With the desktop version of its Sandy Bridge-E processors out and about, Intel is now focusing its attention towards the server version of these chips, the Xeon E5, and has recently provided the press with a series of new details about these CPUs.
Intel's Xeon-E5 processors are supposed to replace the company's current Xeon 5000-series CPUs and judging by the data provided by Intel these should deliver an impressive jump in performance.
According to the Santa Clara chip maker, in synthetic benchmarks an eight-core Xeon E5 CPU running at 2.7GHz should be more than twice as powerful as an Xeon X5690 six-core chips that runs at 3.46GHz.
In real life scenarios, the performance difference between the two server parts won't be as high, but Intel still promises a minimum speed increase of 30%, while in some applications the Xeon E5 could prove to be up to 70% faster than its predecessor.
From the information leaked until now (some of which was published by ComputerBase), we know that the Xeon E5 range will be split into more than one CPU lines for single as well as multi-socket systems.
Intel's Xeon E5 chips will support between four and eight computing cores with TDPs ranging from 50W to 130W, and include all the technologies that come standard with the Sandy Bridge architecture such as support for the AVX instruction set.
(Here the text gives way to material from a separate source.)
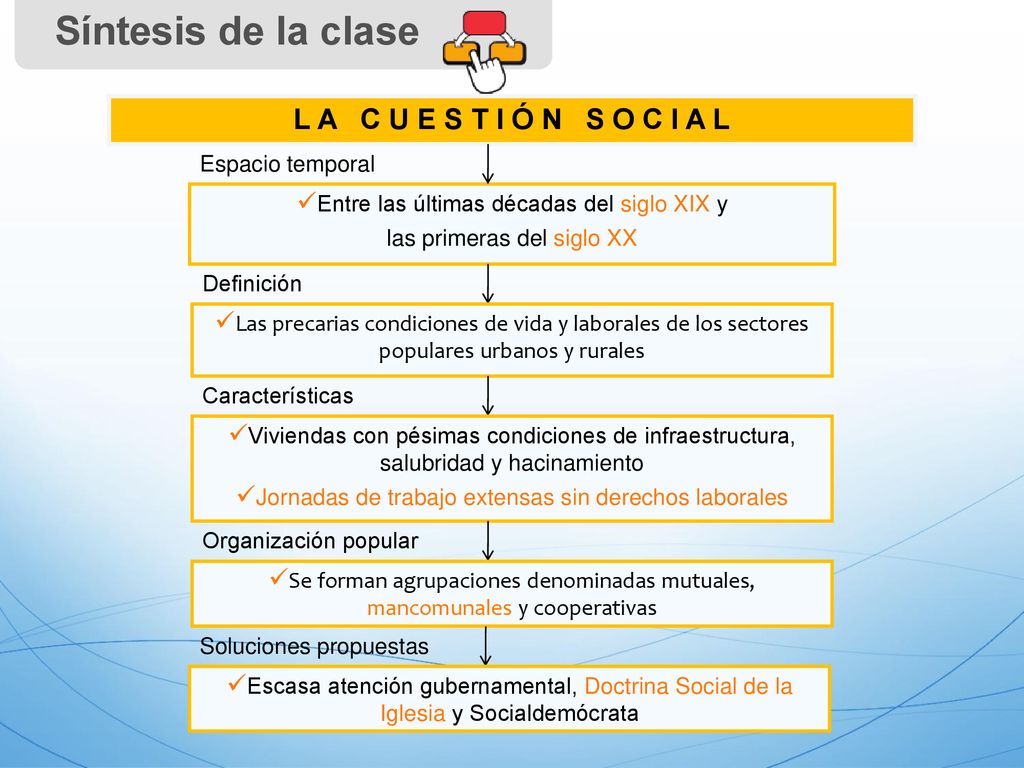 Síntesis de la clase L A C U E S T I Ó N S O C I A L Espacio temporal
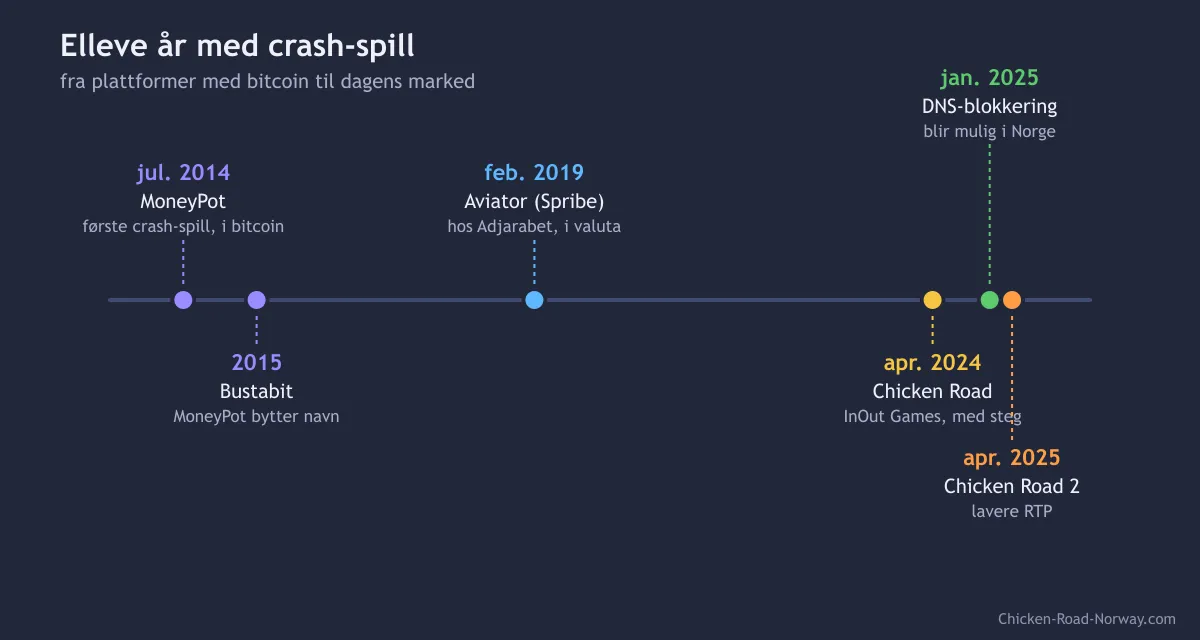 Tidslinje over crash-spill fra 2014 til 2025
Depending on the socket used, Xeon E3 processors can also pack a tri- or quad-channel memory controller, up to 20MB of Level 3 cache memory, 2 QPI links, 40 PCIe Gen3 lanes, and four DMI 2.0 lanes.
Intel is sampling this chips right now to a select number of cloud and HPC computer vendors, but mass availability isn't expected to be reached until the first quarter of next year.